Your goal
Without any of its pictures, the listing below should be output exactly.

Data block
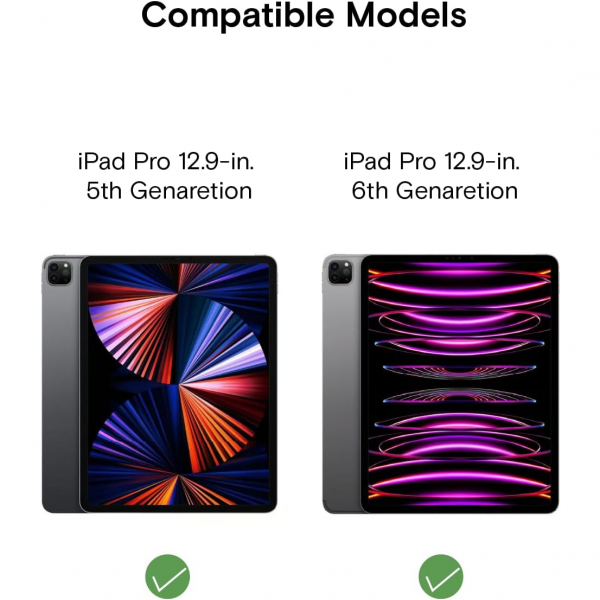 MOFT Snap Serisi iPad Pro 12.9 in Manyetik Klf(6/5.Nesil)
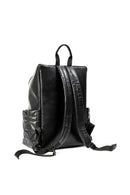 Black Noir Vegan Leather Bagpack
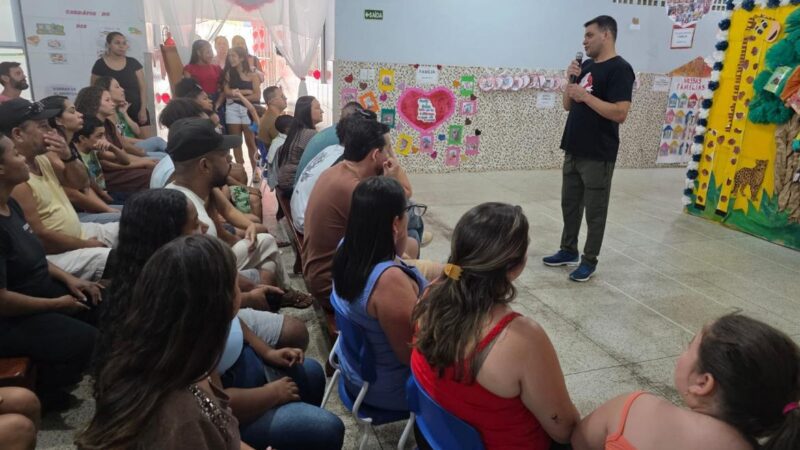 Cmei Criança Feliz promove integração entre escola e famílias em ação especial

Expected answer
 MOFT Snap Serisi iPad Pro 12.9 in Manyetik Klf(6/5.Nesil)
 Black Noir Vegan Leather Bagpack
 Cmei Criança Feliz promove integração entre escola e famílias em ação especial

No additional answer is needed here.